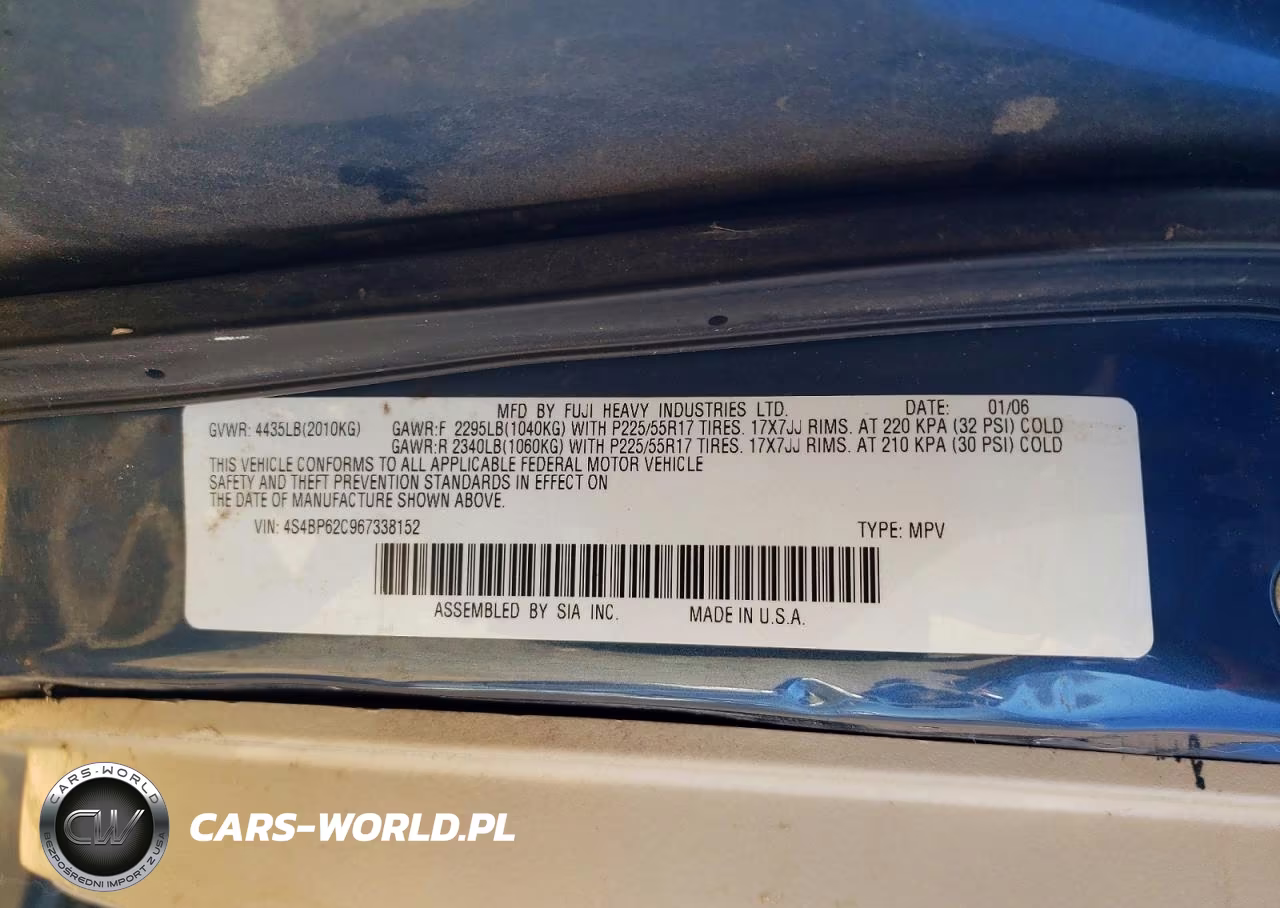 2006 Subaru Legacy Outback 2.5I Limited VIN:4S4BP62C967338152 - 13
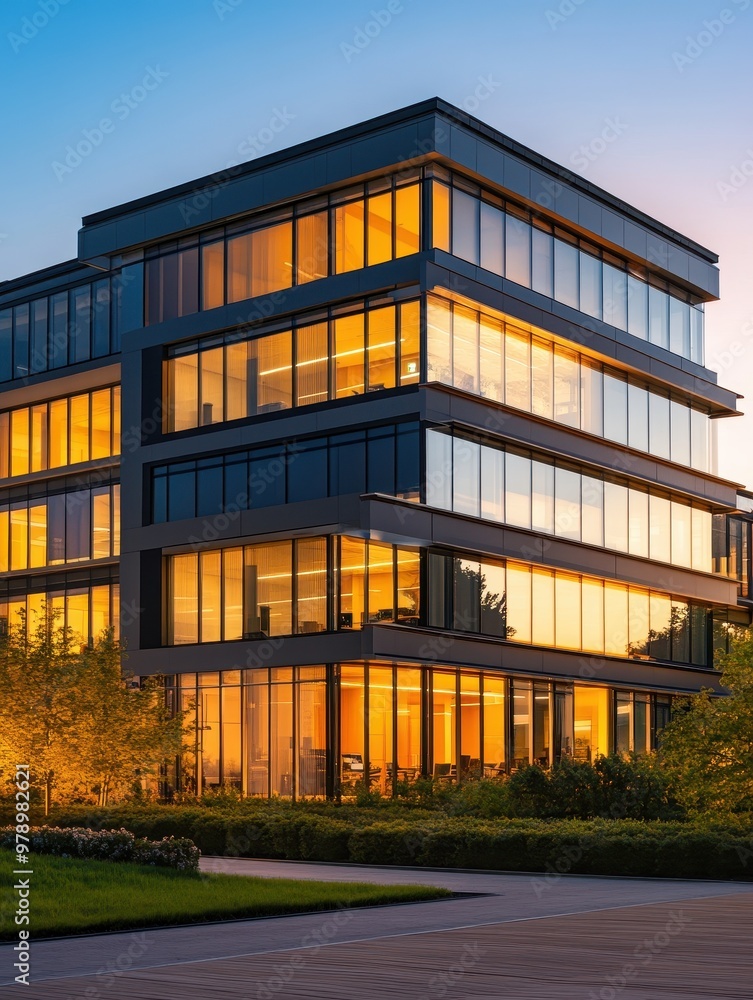 Fototapeta premium Modern Office Building with Illuminated Windows at Dusk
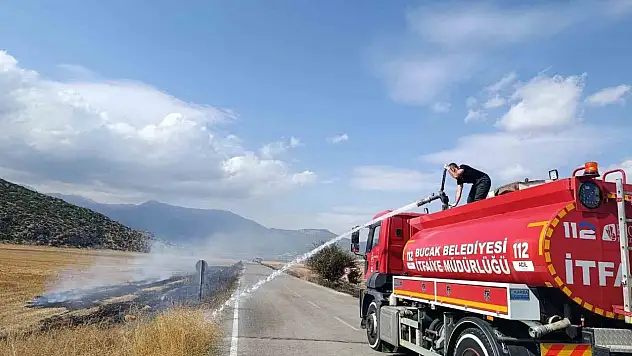 Arazi yangını büyümeden söndürüldü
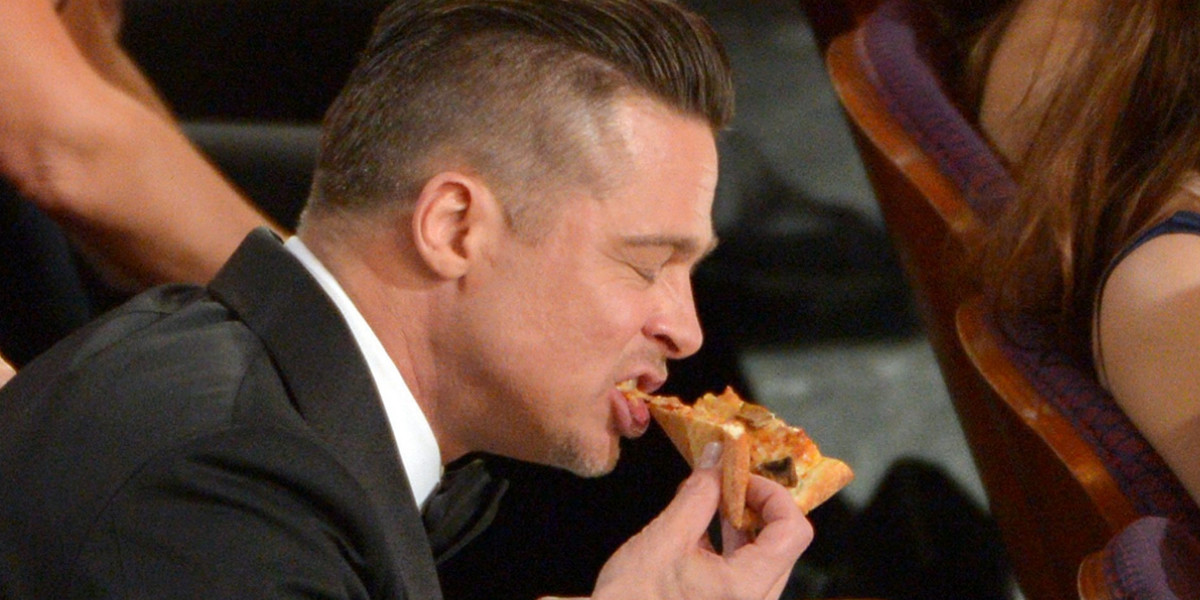 Brad Pitt pizza Oscary 2014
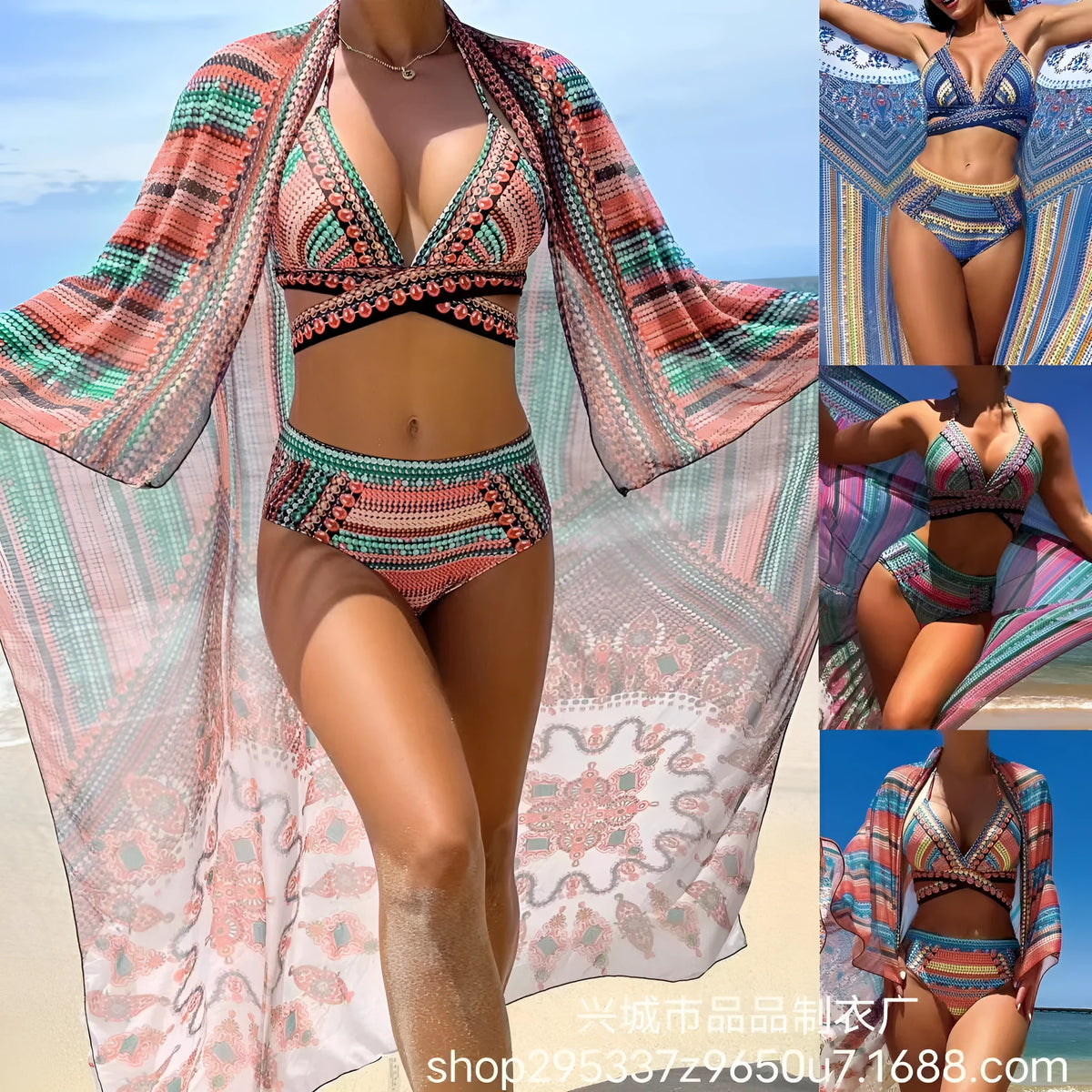 Women's split cross strap retro ethnic style bikini set in polyester, green and red colour options, sizes S to XL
--------------------------------------------------
* ASSIGNMENT
Write out verbatim the lines from the one containing "Arazi yangını büyümeden söndürüldü" through the last line of the listing above, and no other lines; omit pictures.

* WORKED SOLUTION
 Arazi yangını büyümeden söndürüldü
 Brad Pitt pizza Oscary 2014
 Women's split cross strap retro ethnic style bikini set in polyester, green and red colour options, sizes S to XL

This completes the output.